Opinión

Camisetas

HACE DÍAS, en una conversación formal, alguien habló de los códigos de vestimenta en actos sociales y en el trabajo. Yo apuesto por ellos: del mismo modo que no voy a la playa con tacones de aguja y una chaqueta con lentejuelas, tampoco aparezco en el pleno del Congreso con vaqueros rotos y unas zapatillas deportivas. Pasarse por las narices las normas de cortesía a la hora de arreglarse sólo se justifica cuando la situación económica de alguien no le permite seguirlas. Pero el menos afortunado de los diputados españoles gana tres mil euros al mes, lo que posibilita unas mínimas dosis de formalidad en el atuendo. Llegar al Hemiciclo con una camiseta raída, una chaqueta astrosa o unos zapatos sucios sólo se entiende desde la pura provocación.

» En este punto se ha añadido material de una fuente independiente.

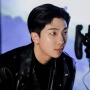Bertajuk 'Right Place, Wrong Person', Album Solo RM BTS Siap Rilis 24 Mei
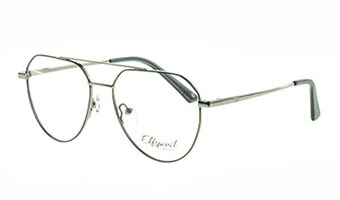 Elfspirit 4394 с006+фут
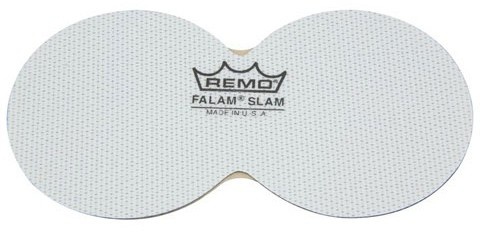 REMO KS0006PH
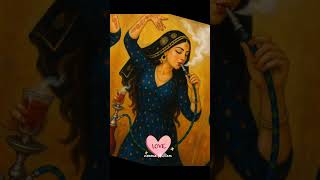 يا سيد الناس يا جامعه       عبدالباسط  عبدالباسط حموده  اكسبلور  الرسوم  تصميمي  شعب الصيني ماله حل سمعها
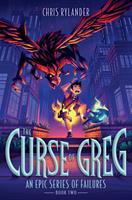   The Curse of Greg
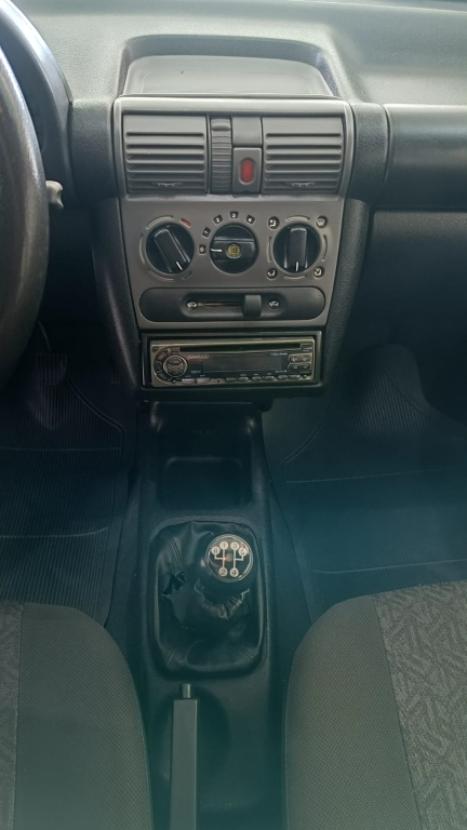 CHEVROLET Corsa Sedan 1.0 4P CLASSIC LIFE, Foto 13
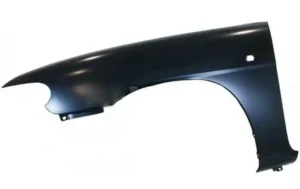 Крило переднє праве Daewoo NUBIRA (J100) 1997-1999, 020 0144 310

En eso está degenerando la política española por mor de unos cuantos descontrolados. La intervención de Gabriel Rufián en la Comisión, insultando a un compareciente, fue el momento álgido de una temporada en la que en la Carrera de San Jerónimo hemos tenido de todo: los escaños convertidos en un tendal, ardientes defensas de delincuentes encarcelados, camisetas reivindicativas, carteles varios, besos a tornillo, payasadas de todo jaez. A una señorita he visto yo descalzarse y apoyar los pies en la mesa del ordenador. No nos pagan para dar al parlamento atmósfera de bar de mala muerte. Ganamos más que la mayoría de los españoles, y no está entre nuestras obligaciones hacer el gamba o el gamberro. Acaso podrían perdonarse las mamarrachadas si las formas sin control escondiesen una labor silenciosa y tenaz a favor de la mejora de las leyes. Pero no se hagan ilusiones: detrás de las camisas sin planchar, los jerseys llenos de bolas,  los exabruptos y las chulerías no hay nada de nada: ni un asomo de brillantez real, ni una brizna del verdadero trabajo parlamentario, ni la sombra de un empeño en el bien común. El espectáculo lamentable puede estar servido y bien servido, pero no hay más. Ese es el problema.